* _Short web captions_
---+---

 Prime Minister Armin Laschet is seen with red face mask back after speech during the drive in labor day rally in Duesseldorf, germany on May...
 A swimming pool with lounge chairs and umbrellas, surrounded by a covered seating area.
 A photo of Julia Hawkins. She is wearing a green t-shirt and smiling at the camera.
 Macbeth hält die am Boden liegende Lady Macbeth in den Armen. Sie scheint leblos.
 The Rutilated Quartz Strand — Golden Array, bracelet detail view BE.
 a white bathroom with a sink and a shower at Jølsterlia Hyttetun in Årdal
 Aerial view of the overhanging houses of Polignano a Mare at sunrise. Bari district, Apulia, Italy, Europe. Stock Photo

---+---

* _Directions for this task_
Scan the entries for the string "with" and report only how many lines contain it.

* _Answer space_
3